Markets in Asia and Europe rallied in response to the results of the highly anticipated weekend meeting between China’s Xi Jinping and President Donald Trump. Analysts say the meeting has helped ease tensions and revive trade talks between the world’s two biggest economies, but reaching a deal is still a prospect that is fraught with uncertainty.
Shares in Tokyo, China and Europe rose to a two-month high on Monday as state media in China welcomed the results, which they argued put the focus back on dialogue and away from threats and counter-threats.
On Saturday, President Trump offered concessions, agreeing to not push ahead with additional tariffs that would’ve covered $300 billion more in Chinese goods, a move that was triggering a backlash from companies at home. He also offered to ease some restrictions on the sale of U.S.- made components to China tech company Huawei.
China has pledged to purchase what Trump said on Twitter was “large amounts of agricultural products from our great Farmers.” Beijing, however, did not make any pledges regarding a blacklist that it is said to be rolling out in response to the U.S. government’s ban on Huawei.
At a regular press briefing on Monday, China’s Foreign Ministry spokesman Geng Shuang did not have new details about when negotiators might meet next. When asked about the kind of promises or concessions China had made during the meeting, Geng Shuang asked rhetorically: “Do you really think China has to make concessions?
Prior to the meeting, the two sides were both digging their heels in for what some felt looked like the beginning of a new cold war. An opinion piece in the state run China Daily said that while challenges remain, it was an achievement in itself that the two leaders were able to meet and “managed to avert a head-on-collision that appeared imminent.”
The piece added, however, that the results of the meeting were very much like the agreement reached last December, when the two leaders met in Buenos Aries, Argentina and agreed to a cease-fire.
“While avoiding the worst-case scenario and allowing more time, and thus a greater likelihood of maneuvering a deal, Saturday's agreement is no guarantee there will be one,” the article said.
Liao Qun, chief economist at China’s state-owned CITIC Bank International says the results were better than expected and a sign that for now the trade dispute would not escalate further.
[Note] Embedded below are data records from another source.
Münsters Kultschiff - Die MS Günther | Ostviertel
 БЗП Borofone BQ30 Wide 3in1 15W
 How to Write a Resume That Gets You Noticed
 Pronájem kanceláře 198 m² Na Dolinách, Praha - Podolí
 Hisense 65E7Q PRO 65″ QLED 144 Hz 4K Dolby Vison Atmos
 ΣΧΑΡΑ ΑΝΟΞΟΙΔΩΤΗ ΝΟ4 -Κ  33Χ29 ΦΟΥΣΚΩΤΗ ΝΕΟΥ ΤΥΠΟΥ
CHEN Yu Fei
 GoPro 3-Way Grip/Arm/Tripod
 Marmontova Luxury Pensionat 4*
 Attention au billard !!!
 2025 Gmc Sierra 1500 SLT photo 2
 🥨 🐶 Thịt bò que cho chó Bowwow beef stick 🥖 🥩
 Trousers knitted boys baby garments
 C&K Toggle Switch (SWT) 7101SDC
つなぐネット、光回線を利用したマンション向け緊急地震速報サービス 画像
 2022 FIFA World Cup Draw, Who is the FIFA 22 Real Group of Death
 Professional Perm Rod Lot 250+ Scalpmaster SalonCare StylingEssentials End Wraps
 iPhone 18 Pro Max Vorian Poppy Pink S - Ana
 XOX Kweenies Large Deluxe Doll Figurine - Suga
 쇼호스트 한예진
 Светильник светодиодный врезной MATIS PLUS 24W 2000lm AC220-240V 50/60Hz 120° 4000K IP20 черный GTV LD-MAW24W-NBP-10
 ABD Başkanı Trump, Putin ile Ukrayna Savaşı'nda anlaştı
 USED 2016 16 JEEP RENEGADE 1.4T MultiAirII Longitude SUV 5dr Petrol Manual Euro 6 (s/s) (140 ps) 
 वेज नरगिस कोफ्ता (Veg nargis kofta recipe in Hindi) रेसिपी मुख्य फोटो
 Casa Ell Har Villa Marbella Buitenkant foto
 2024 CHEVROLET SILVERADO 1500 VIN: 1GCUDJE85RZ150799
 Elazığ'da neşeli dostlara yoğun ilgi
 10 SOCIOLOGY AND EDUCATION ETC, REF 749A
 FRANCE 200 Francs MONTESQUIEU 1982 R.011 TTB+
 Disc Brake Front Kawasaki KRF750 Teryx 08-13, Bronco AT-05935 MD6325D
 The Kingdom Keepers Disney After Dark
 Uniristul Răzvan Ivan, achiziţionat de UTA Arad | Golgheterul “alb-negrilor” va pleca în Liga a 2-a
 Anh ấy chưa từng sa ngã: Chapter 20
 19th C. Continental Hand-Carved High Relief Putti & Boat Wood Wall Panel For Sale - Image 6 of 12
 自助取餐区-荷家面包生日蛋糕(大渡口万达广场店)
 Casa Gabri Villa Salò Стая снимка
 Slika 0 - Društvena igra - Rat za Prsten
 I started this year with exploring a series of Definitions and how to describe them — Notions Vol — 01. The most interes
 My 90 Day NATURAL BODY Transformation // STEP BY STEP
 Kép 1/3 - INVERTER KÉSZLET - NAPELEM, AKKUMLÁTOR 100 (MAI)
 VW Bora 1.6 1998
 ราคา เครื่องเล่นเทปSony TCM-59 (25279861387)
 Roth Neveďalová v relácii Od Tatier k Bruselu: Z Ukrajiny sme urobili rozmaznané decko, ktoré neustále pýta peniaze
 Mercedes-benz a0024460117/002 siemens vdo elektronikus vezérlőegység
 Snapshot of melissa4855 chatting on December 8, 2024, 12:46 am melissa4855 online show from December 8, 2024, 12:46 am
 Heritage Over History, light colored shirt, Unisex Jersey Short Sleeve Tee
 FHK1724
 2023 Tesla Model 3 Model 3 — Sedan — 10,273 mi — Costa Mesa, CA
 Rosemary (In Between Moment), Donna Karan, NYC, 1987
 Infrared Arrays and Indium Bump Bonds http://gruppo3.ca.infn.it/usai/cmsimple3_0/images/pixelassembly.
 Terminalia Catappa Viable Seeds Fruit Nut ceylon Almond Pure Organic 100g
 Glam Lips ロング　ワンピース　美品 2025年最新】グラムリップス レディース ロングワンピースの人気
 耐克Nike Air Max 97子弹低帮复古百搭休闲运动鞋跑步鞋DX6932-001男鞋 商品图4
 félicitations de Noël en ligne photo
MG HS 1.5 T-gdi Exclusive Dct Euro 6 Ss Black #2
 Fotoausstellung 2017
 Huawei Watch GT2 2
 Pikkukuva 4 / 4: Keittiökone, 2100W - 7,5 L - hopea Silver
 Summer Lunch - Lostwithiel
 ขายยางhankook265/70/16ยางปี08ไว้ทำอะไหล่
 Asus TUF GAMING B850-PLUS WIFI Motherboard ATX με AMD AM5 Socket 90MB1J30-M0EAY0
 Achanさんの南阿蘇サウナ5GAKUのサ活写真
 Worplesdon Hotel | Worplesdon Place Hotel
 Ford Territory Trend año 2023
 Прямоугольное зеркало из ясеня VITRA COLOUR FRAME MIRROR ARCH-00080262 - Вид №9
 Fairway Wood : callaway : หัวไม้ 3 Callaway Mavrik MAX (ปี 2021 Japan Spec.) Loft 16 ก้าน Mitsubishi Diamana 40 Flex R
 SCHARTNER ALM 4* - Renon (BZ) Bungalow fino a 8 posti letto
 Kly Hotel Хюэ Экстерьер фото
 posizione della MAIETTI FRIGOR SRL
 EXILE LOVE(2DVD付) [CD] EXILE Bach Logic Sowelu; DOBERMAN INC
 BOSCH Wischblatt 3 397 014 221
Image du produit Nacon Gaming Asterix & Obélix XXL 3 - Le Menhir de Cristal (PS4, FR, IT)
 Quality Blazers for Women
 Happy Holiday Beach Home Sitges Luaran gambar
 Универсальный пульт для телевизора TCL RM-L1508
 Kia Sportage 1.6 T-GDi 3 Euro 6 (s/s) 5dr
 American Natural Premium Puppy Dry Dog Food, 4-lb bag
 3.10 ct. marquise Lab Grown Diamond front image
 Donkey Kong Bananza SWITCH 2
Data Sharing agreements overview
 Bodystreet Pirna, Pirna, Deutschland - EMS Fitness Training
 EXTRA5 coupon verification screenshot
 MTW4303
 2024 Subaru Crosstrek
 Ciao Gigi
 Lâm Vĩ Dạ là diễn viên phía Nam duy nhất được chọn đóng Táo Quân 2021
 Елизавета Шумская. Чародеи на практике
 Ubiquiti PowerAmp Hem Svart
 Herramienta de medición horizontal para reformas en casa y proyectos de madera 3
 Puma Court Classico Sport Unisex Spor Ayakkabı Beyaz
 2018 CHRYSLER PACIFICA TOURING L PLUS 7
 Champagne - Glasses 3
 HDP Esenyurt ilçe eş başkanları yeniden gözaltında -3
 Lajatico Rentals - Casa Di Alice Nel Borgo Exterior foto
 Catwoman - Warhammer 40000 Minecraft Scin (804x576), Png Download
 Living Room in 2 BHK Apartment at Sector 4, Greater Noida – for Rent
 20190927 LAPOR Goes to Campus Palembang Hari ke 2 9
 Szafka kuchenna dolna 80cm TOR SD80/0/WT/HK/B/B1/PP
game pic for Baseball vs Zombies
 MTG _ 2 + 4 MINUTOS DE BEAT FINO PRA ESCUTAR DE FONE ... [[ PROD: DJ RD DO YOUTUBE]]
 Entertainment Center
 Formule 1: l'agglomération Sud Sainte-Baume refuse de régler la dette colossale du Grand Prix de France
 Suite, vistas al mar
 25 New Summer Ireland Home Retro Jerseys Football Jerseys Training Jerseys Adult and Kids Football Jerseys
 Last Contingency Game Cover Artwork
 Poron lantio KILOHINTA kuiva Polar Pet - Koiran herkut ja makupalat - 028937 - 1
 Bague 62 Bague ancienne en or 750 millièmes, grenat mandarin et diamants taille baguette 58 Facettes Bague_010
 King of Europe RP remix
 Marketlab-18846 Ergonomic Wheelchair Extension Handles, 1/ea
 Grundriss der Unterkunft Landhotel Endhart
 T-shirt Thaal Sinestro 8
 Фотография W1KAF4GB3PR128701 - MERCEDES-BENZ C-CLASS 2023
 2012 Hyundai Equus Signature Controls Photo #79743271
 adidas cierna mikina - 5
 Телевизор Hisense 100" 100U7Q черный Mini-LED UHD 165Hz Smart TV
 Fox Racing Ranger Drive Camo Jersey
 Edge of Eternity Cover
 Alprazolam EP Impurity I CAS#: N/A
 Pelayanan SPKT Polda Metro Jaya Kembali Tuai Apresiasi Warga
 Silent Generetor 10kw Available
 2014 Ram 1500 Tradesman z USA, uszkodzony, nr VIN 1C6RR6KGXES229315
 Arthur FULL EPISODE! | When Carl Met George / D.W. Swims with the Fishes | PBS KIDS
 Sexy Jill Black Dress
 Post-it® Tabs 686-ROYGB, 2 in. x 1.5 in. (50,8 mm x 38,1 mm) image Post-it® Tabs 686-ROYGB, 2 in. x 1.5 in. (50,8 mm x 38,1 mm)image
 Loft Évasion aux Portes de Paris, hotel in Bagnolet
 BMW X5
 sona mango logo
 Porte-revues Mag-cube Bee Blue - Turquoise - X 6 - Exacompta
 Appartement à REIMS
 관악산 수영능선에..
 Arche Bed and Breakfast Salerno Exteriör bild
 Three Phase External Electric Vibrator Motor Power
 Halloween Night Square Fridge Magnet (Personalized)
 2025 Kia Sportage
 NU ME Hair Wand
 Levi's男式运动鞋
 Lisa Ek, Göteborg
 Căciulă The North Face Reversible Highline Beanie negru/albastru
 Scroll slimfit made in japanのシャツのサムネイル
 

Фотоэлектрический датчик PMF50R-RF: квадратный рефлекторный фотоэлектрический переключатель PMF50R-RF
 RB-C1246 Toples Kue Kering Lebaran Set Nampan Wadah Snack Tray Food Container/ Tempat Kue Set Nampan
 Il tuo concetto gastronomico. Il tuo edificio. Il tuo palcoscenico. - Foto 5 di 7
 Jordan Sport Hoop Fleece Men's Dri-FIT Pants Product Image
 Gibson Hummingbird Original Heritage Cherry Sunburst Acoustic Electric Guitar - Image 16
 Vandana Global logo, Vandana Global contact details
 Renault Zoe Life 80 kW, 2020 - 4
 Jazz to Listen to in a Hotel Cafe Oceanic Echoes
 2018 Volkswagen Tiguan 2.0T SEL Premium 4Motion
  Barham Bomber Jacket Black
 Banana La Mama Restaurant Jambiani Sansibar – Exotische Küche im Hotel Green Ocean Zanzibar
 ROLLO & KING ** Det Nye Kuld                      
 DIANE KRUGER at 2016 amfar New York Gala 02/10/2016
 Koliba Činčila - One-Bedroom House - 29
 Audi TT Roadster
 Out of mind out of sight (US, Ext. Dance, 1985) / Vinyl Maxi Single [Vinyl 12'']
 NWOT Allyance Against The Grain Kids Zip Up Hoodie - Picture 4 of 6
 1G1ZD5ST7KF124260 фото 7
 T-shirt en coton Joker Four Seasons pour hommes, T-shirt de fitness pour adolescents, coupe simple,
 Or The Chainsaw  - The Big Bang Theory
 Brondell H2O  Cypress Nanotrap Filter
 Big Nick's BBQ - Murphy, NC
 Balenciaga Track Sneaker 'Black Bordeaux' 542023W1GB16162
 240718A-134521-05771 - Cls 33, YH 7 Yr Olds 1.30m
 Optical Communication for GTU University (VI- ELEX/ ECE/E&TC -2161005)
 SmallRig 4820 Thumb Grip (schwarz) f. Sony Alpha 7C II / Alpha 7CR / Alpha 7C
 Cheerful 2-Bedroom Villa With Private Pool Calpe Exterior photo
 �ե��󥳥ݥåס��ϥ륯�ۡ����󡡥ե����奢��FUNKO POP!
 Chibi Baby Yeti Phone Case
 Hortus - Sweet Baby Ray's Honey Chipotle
But, negotiation is still far from being over and the divide between the two sides is still wide.
“The [situation] is better off now, but the problem hasn't been solved. It has only been pushed further down the road,” Liao says. He says that while markets are welcoming the news now, they are also concerned about Trump’s unpredictability.
“No matter what he says today, many expect he may change his mind tomorrow and that creates a lot of uncertainty,” Liao says.
Chinese state media have portrayed the stand off between the two economies as a struggle against unilateralism and protectionism, with Chinese state media claiming that Beijing was leading the chorus for multilateral trade at the Group of 20 nations meetings last week.
In a speech at G-20, Xi pledged to continue efforts to open up China and jointly boost the global economy. However, Beijing frequently makes pledges that it doesn’t follow through on.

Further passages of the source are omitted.